Data management is a permanent task that ensures ongoing data operations as well as the long-term availability of data sets that are currently not in use. Therefore, not only the up-to-dateness but also the archiving of data is very important.
This involves a very large thematic variety of data, for example, on animals, plants, biotic communities, geology and soil, habitats and landscapes, climate and hydrology, disturbance events and dynamic processes and all their changes in space and time.
Data management creates the framework for turning this data into knowledge. This means more than just storing a file, especially when a lot of data from different sources come together over long periods of time, which should be usable for ever new, often today still unknown purposes. Data management integrates data and descriptive metadata, as well as reports and publications, in such a way that both experts and non-specialist users can use these data.

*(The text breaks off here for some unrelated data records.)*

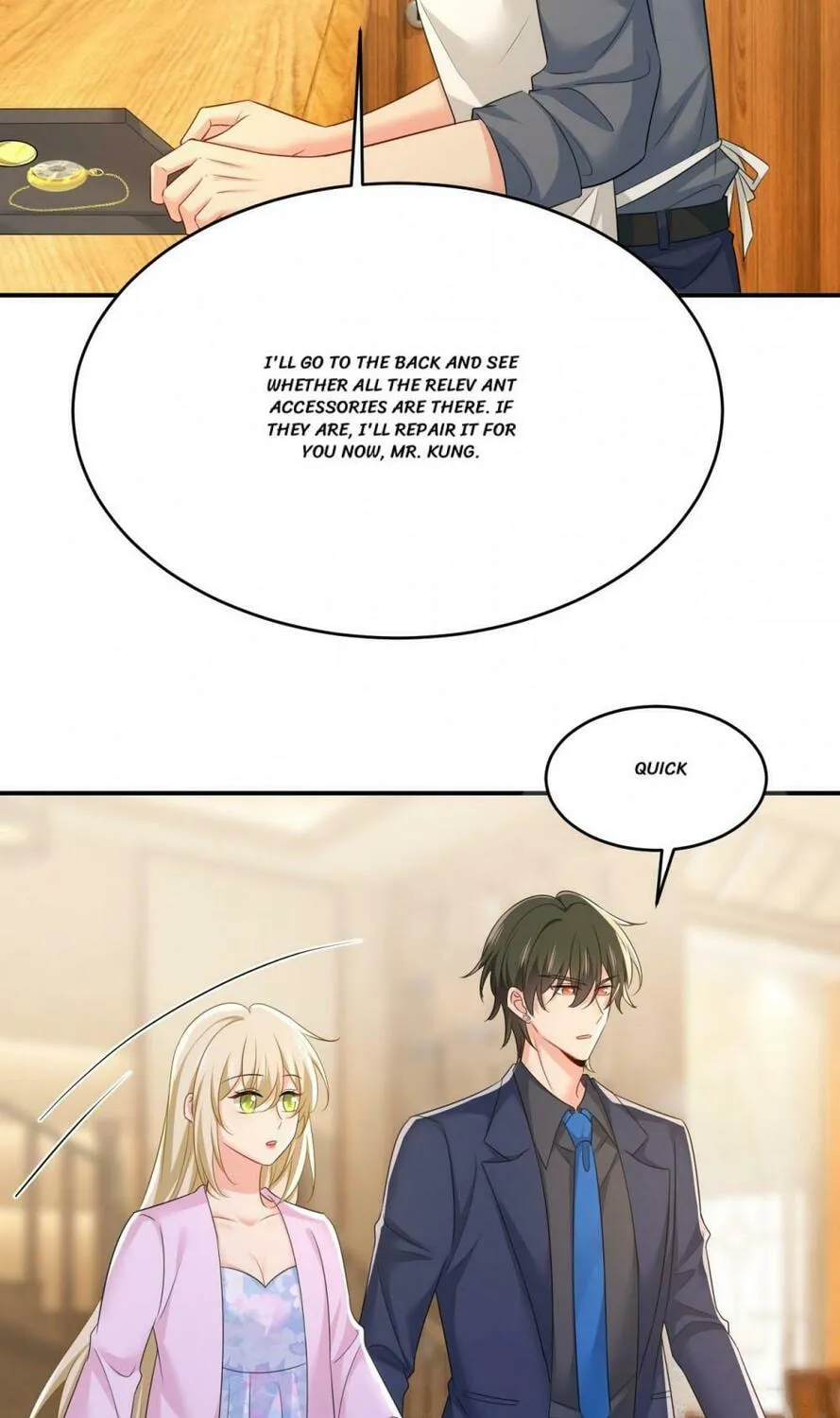 Read Bossy President chapter 633 image 52 on Lezhin
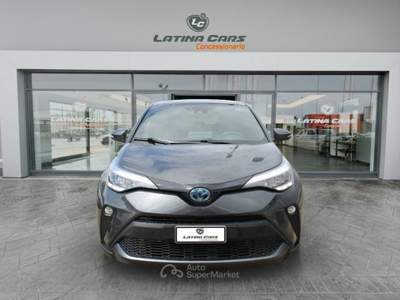 Toyota C-HR 2.0h More Business AUTOMATICA con CarPlay Grigio usata Latina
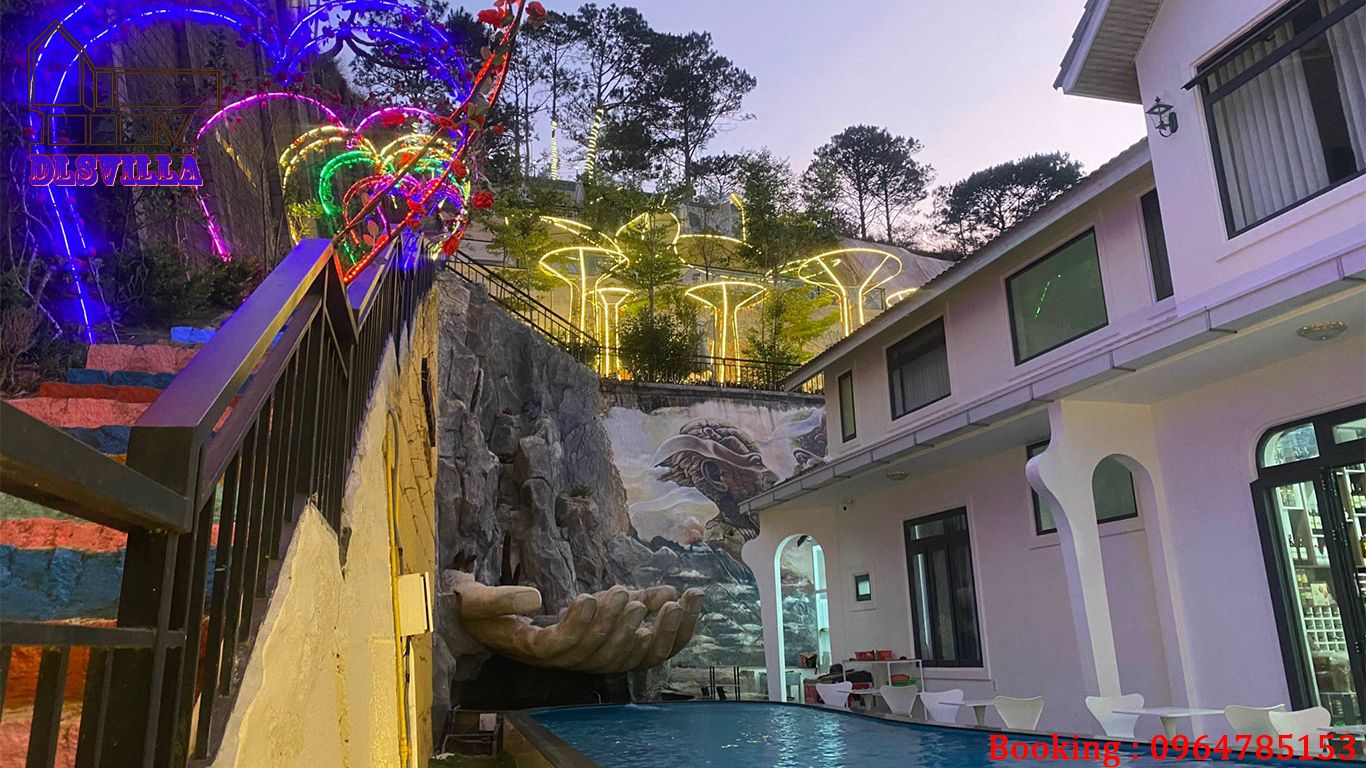 VILLA ĐÀ LẠT DL092-Không Gian Nghỉ Dưỡng Giữa Thiên Nhiên Đà Lạt 9 villa da lat dl092 7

The data themselves always have a direct or indirect spatial reference. They are therefore referred to as geodata and managed in a geodata infrastructure (GDI). The GDI of the National Park is connected to a relational database management system (RDBMS). The RDBMS allows for long-term secure management of growing data sets and is multi-user capable. This means that many people can access data simultaneously.
Data management in the National Park is also specifically developing so-called specialized applications that integrate data sets into current digital work processes, such as apps for mobile data collection in the field, automated data streams from measuring devices, or web-based input tools.
In addition to continuous operation, the data management team also runs temporary projects. Currently, we are working on the harmonization of research-relevant data sets for the two Bavarian National Parks (until the end of 2023). In the future, this database will meet the targeted requirements of Bavarian national park research and enable cross-regional research approaches. In addition, a research documentation is gradually being created that will provide efficient access to completed and ongoing projects. Already completed is the conversion of the coordinate reference system to UTM Zone 32 (2018-2021) for our geodata.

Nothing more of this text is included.